The 5 Second Rule, by Mel Robbins.  I’ll be honest, this was another find on my quest for all things anxiety help last summer.  I didn’t find out about this book until last fall when I had come across something of Mel’s on You Tube.  I, again, like many times, fell down the rabbit hole of listening to her Ted Talk on the 5 Second Rule, then going on to listen to her give interviews with several personal growth gurus and before I knew it, I was following her on social, subscribed to her You Tube channel, ordering her book and listening to her morning coffee talks.  The book is not all about how to get past anxiety.  It’s about learning how to change your brain’s thoughts.  We can retrain our brain, ya know?  It’s about developing habits and staying consistent and doing them anyway even when you don’t.  You hate working out, welp, 5-4-3-2-1- DO IT ANYWAY.  You can apply this teaching to basically any situation in life.  It takes work.  Don’t let the simple concept fool you…because trust me, I’m still working on it.  I have a long way to go before my brain adjusts to accept different thought.  Here’s something to take away though, Mel is one smart woman.  She is a lawyer and is one of the most sought after speakers in North America.  All of her research is backed by science, generally from Harvard or Yale studies and she is hilarious!  Also, she’s a busy mom with an even busier life that still manages to be present and open to new thoughts and ideas.  And yes, she’s an anxiety sufferer as well, but has self taught her way around it.  It’s a great read guys, you should definitely check it out!

Well, there ya have it!  My top reads!  I really hope you will hit up your local library or Target, or hop on Amazon to give these books some love.  I have several others that I have read that are definitely some awesome reads, so I may include them next time.  As you can see, I’m not a big fiction reader.  I really don’t have an answer for why that is.  Maybe because what little time I can devote to reading, I want to read about ways to make my life the best it can be?  That sounds right.

(Side note: I’m 100% positive that Rachel Hollis’ new book Girl, Stop Apologizing will be on the next list, but I just haven’t finished it yet.)

I hope you all have a great day and if you have read any of these books, drop me a note and let me know what you thought of them!!



Life With OCD in the Winter

Yes, this is similar to this post.  The difference is that this post deals with how winter effects my OCD.  How is that different?  Well, simply put, because more people are sick in the winter.  Since I have contamination OCD, the months of December, January, February and even half of March are brutal for me.

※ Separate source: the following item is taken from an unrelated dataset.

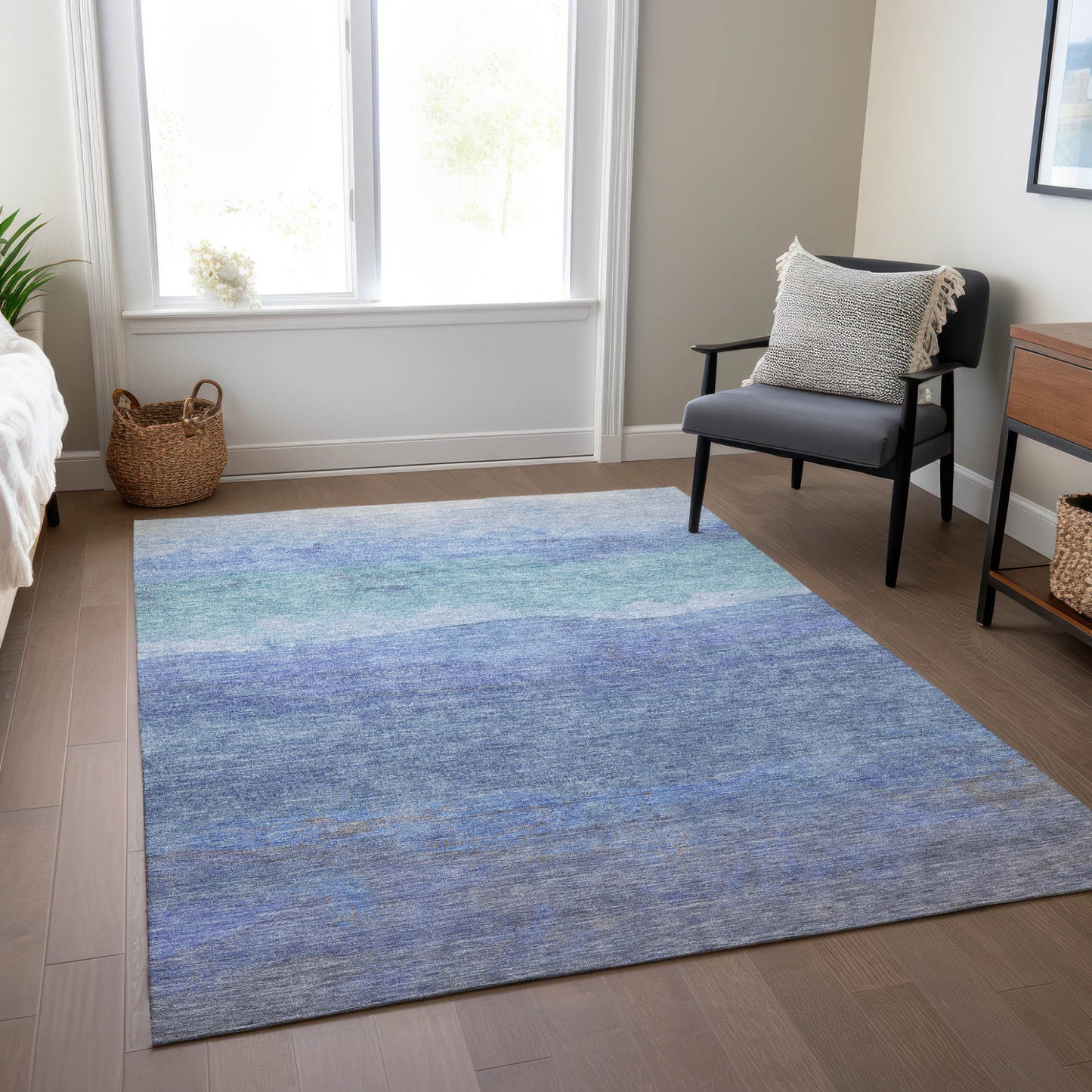 10' X 14' Blue Teal Blue And Sky Blue Abstract Washable Indoor Outdoor Area Rug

I’m dishing up some honesty today.  I have to say, OCD is harder for me to talk about, because it may seem like I’m not working hard enough or fast enough to work through it.  The problem is that I’ve had it for 6 years and it hit hard and fast, like most anxiety disorders.  I didn’t try therapy until 2015 and it was not the best experience.  Maybe it’s because it was my first experience with therapy, ever?  Maybe it was because my therapist and I just didn’t “mesh well”?  I dont know, but it wasn’t a great experience.  During the 9 months I was seeing her, she told me on several occasions I was too fragile to really work on the OCD.  I mean?  What had I been paying her for, for 9 months, once a week?  Then I didn’t try therapy again until this past summer (and PS, my therapist now ROCKS).  So basically, I’ve had to start from scratch, 6 years in.  So, it’s going to be harder to get over and take more time.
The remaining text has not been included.